Sadly, I am not convinced the conditions or leadership I perceive exists today would support the positive disruption my younger self effected at the start of the conflicts. I am sure many readers of this column would disagree with me, which is the beauty of editorials. You do not have to agree with me; you are only required to read, consider and think. I will provide an example of my current MHS experience to illustrate my point. I imagine many readers have their own experiences and can relate:

As I have mentioned many times in this column, I work for the MHS as a pain medicine specialist or “painiac” as we in the pain business affectionately refer to ourselves. It is no secret that one of the most significant issues surrounding pain is the misuse and abuse of opioids leading to one of the deadliest epidemics in U.S. history. Death from an opioid overdose (morphine, fentanyl, heroin and the like) is usually caused by respiratory depression, which can be reversed with the drug naloxone, an opioid antagonist that counters the effects of opioids and has saved countless lives from opioid precipitated impending death. Naloxone has few side-effects, can be administered intravenous, intramuscular or intranasal and works, often miraculously, within minutes to revive an opioid overdose patient.

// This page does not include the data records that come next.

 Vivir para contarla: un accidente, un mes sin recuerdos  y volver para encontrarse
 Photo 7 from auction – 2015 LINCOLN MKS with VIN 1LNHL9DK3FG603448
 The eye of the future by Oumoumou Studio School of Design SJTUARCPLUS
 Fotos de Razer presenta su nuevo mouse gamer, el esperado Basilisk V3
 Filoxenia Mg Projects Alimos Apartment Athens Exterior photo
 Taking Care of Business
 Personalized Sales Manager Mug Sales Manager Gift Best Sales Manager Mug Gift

Because the death rate from opioid overdose is presently so high (about 130 deaths a day in 2018, according to the national Centers for Disease Control) many providers, including myself, feel this medication should be as freely available in the same manner as fire extinguishers and automatic defibrillators. In fact, many states (and the VA health system to their credit) routinely co-prescribe naloxone with any opioid prescription as a safety precaution.

Notwithstanding that many people are dying daily from opioids, it has been strangely challenging to gain traction within the MHS on co-prescribing of naloxone. From my perspective, this seems like a no-brainer, akin to keeping a fire extinguisher near the kitchen stove. Naloxone is the opioid fire extinguisher, not just for the person prescribed the opioids but for anyone else in the home who might erroneously or illicitly come into contact with said opioids. While the answer to whether the MHS should adopt an aggressive approach to naloxone co-prescribing seems intuitive, the system appears paralyzed to institute this change. There seems to be a need for unanimous consensus (which I have never witnessed on any serious issue beyond, “I will have another beer.”) and guarantees that nothing will go wrong. As Gen. Murray understands, I guarantee something will go wrong, but that should not deter us for one moment at moving aggressively forward if one life could possibly be saved.

Recognizing this is but one example from my little corner of the MHS, I think it does not portend well for our medical response in the next war if we cannot execute on such low hanging fruit during the opioid crisis. This feeling that I share with Gen. Murray that we might have become so risk-averse as to be paralyzed is a topic much broader and far too complicated for the confines of this editorial. I would ask MHS leaders to consider this issue, determine how we got here, and work collectively to bring back the conditions that served us so well after 9/11.